* PROVIDED DATA *
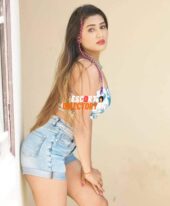 Neha Delhi Escorts Service Aerocity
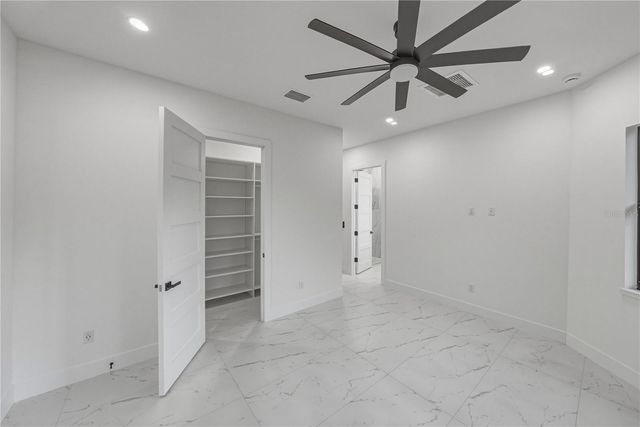 14080 SYDNEY ROAD, Dover, FL 33527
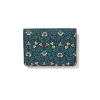 Outlet William Morris Eyebright Cardholder Small Accessories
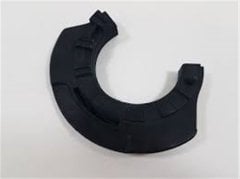 YAY ALTLIĞI F20/F30/ÖN BMW 31336787114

* WHAT IS NEEDED *
Set the listing down again exactly, skipping each picture.

* SOLUTION *
 Neha Delhi Escorts Service Aerocity
 14080 SYDNEY ROAD, Dover, FL 33527
 Outlet William Morris Eyebright Cardholder Small Accessories
 YAY ALTLIĞI F20/F30/ÖN BMW 31336787114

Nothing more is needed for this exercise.